* _DESCRIPTION OF THE TASK_
Only the lines of the listing below that run from the line with "the Port', French" through the line with "Etro Calfskin Leather" are to be set down, word for word. Pictures stay out.

* _EXERCISE DATA_

%%

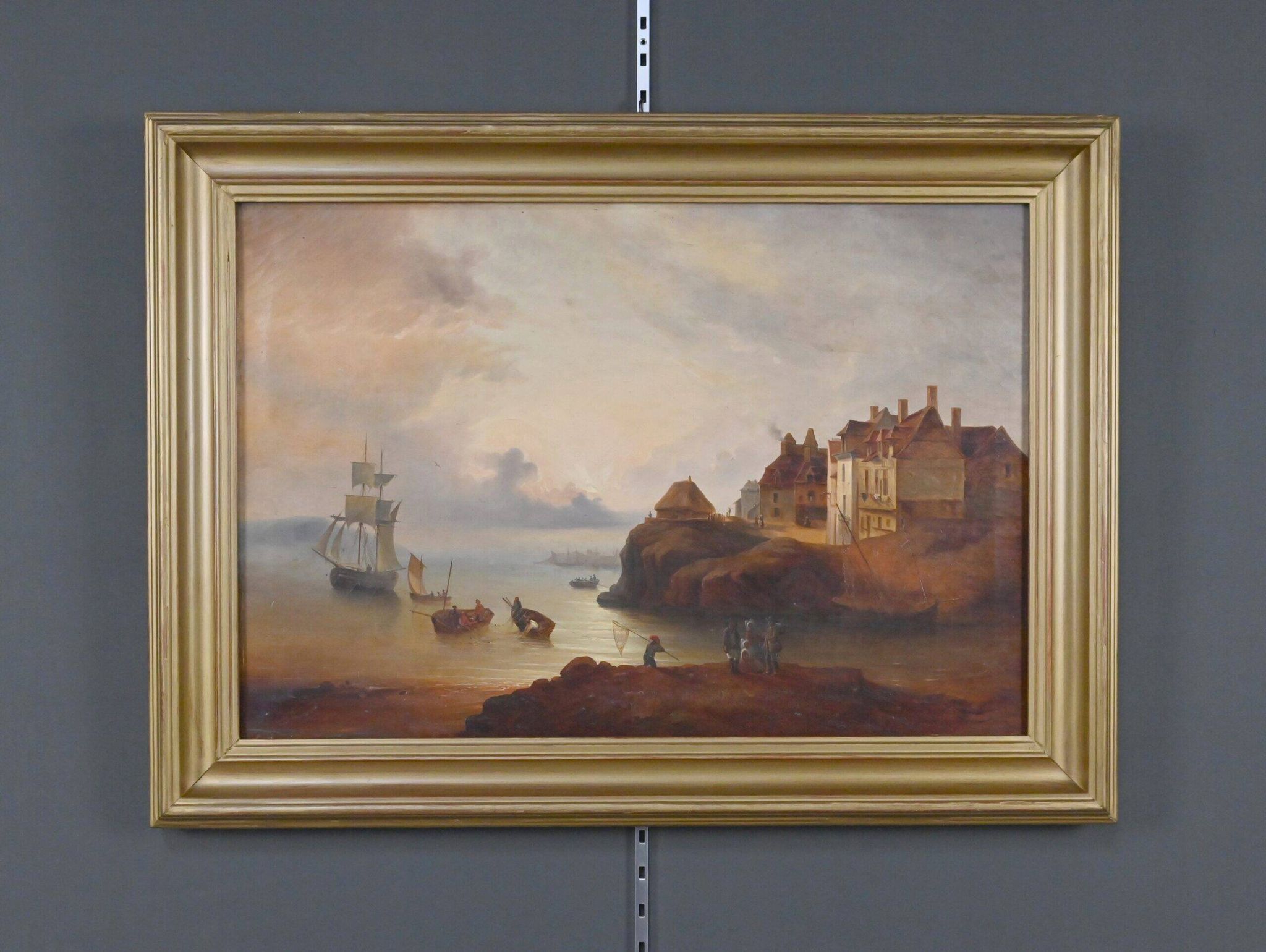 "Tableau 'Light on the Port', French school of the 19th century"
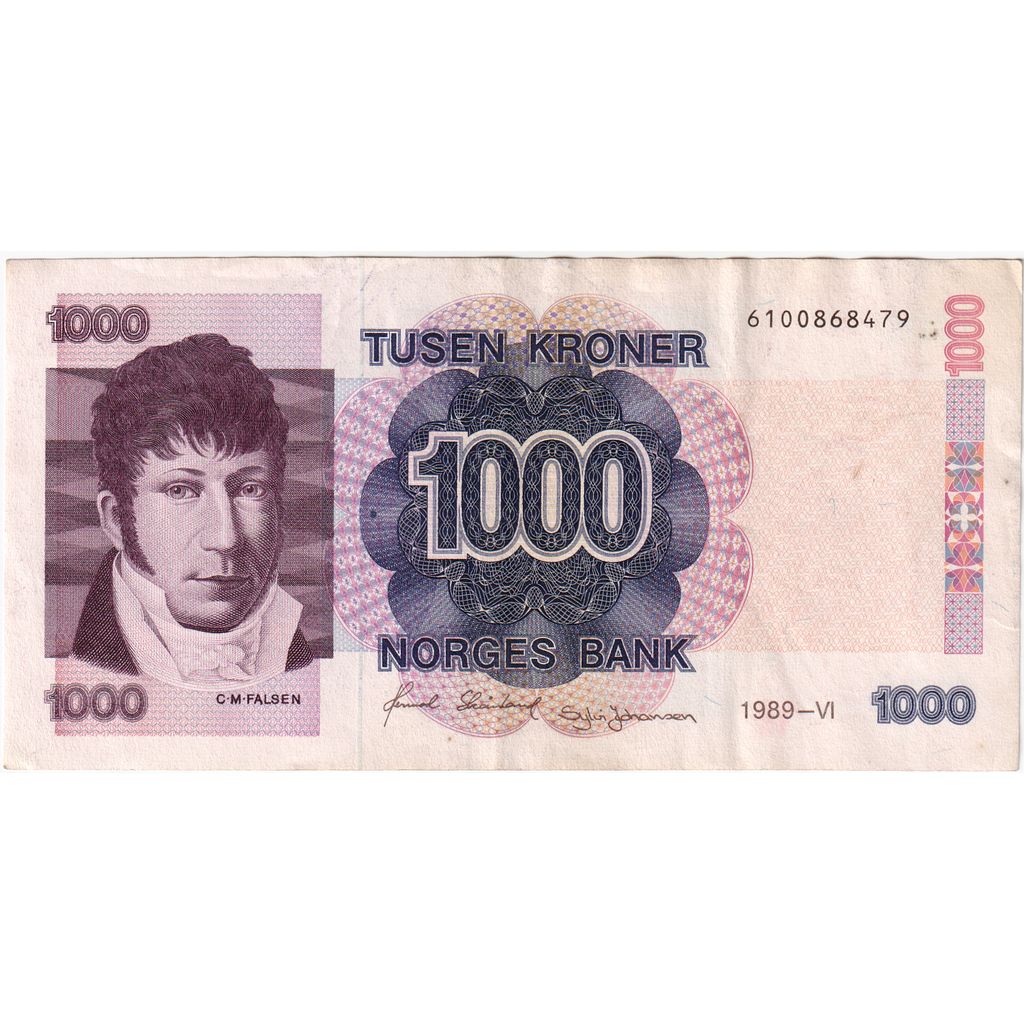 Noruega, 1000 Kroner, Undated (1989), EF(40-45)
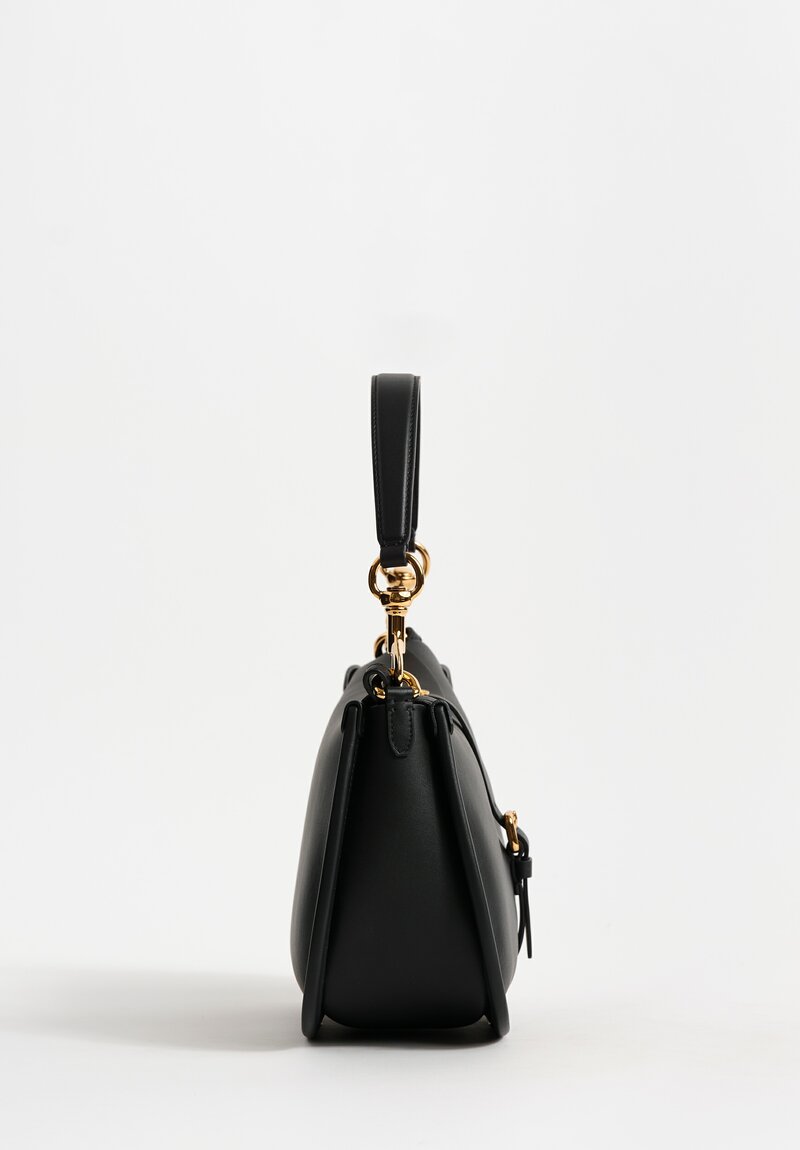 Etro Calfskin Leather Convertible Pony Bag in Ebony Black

%%
%%

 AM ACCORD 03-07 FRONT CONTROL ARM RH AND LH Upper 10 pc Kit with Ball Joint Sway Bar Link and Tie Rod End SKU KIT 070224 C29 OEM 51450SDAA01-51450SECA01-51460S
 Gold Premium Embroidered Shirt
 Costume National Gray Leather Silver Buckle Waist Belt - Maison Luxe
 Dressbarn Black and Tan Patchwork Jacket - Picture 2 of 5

%%
%%

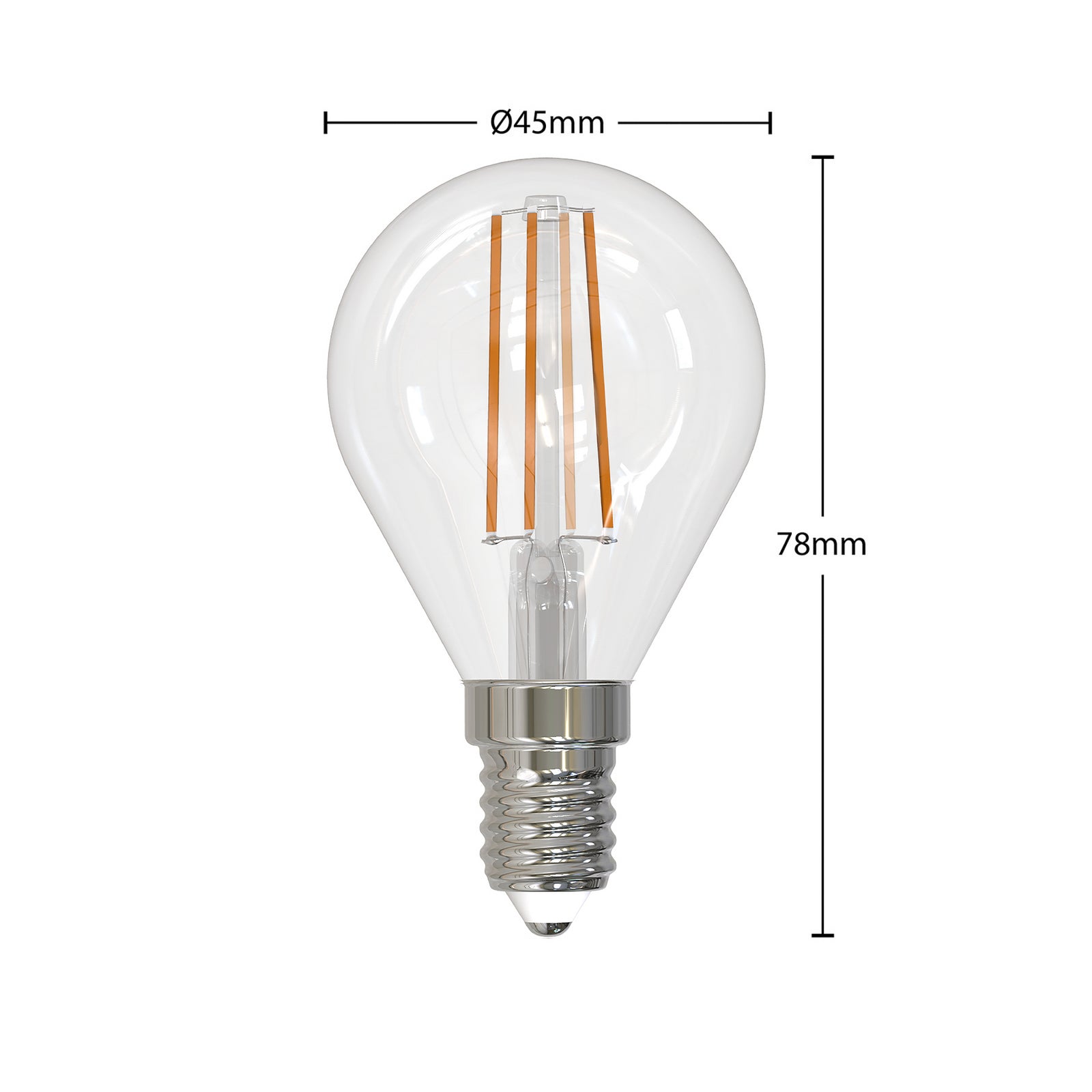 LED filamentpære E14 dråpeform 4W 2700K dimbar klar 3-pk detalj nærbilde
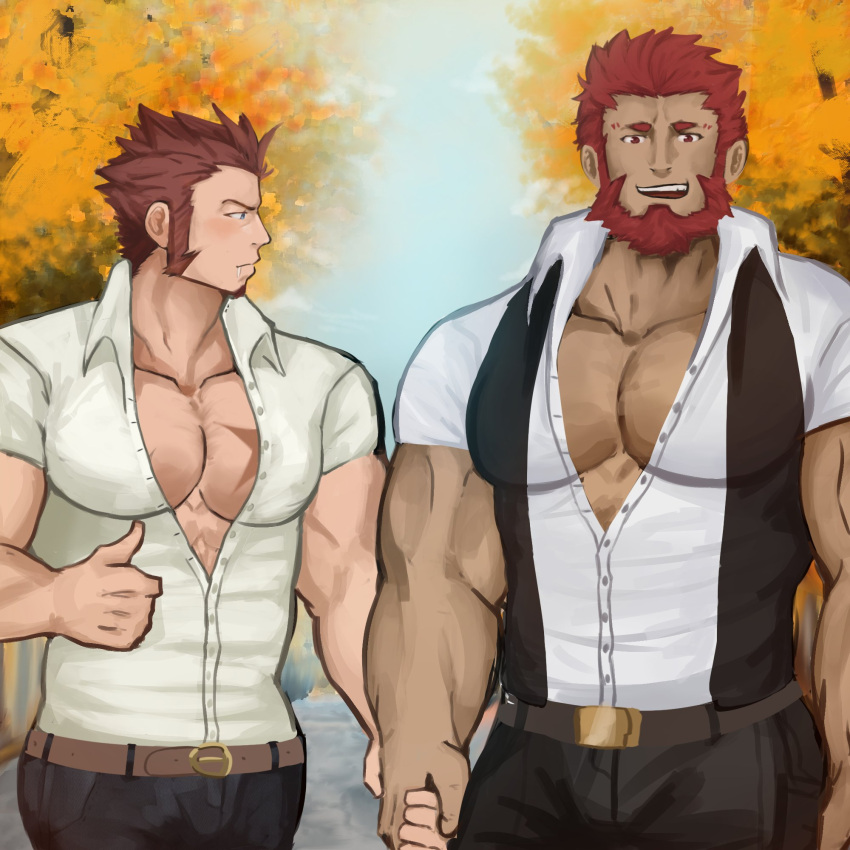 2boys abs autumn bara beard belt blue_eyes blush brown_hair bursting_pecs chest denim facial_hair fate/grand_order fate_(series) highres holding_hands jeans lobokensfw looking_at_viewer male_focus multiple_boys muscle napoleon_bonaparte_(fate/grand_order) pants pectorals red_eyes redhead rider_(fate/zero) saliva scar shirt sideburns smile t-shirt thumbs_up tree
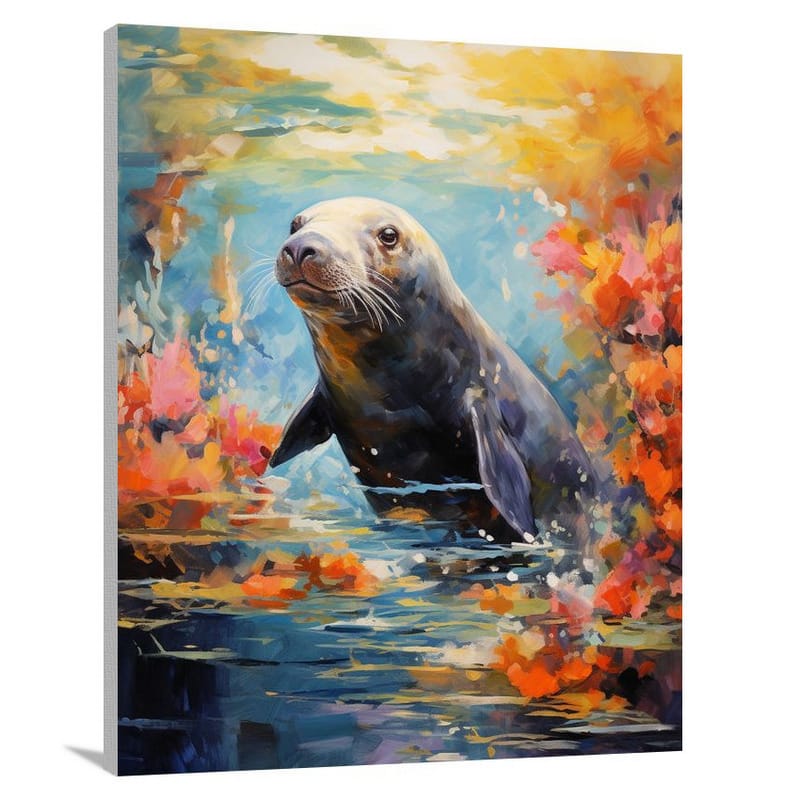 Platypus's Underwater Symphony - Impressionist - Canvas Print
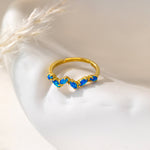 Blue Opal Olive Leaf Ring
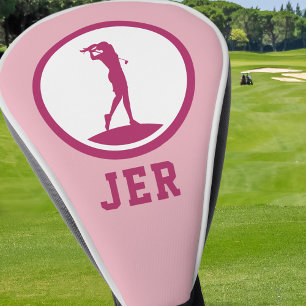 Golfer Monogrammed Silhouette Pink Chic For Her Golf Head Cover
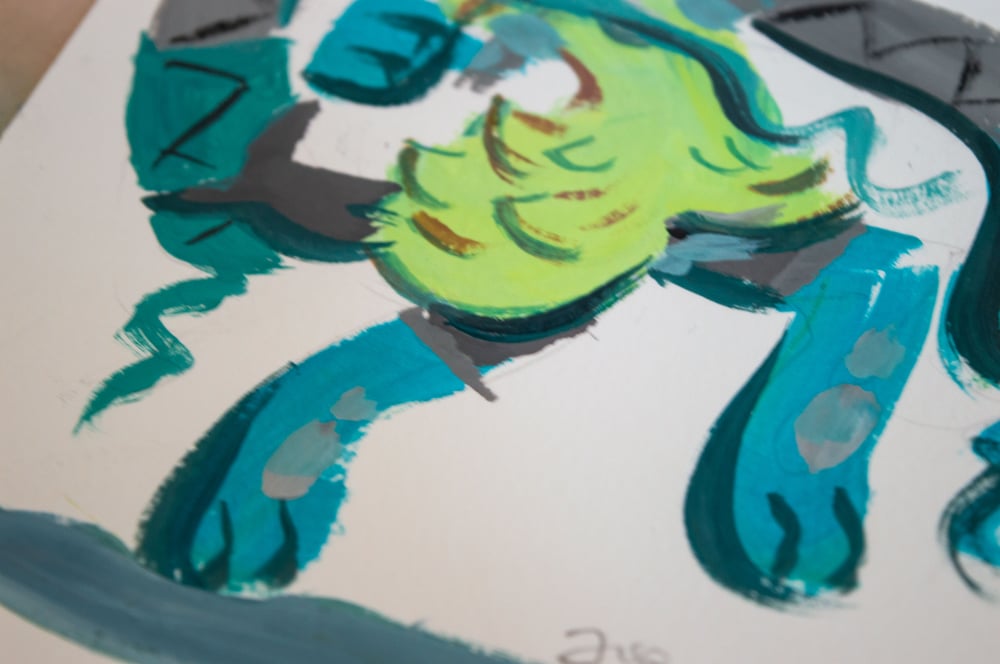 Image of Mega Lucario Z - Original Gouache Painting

%%

* _FINISHED EXERCISE_
 "Tableau 'Light on the Port', French school of the 19th century"
 Noruega, 1000 Kroner, Undated (1989), EF(40-45)
 Etro Calfskin Leather Convertible Pony Bag in Ebony Black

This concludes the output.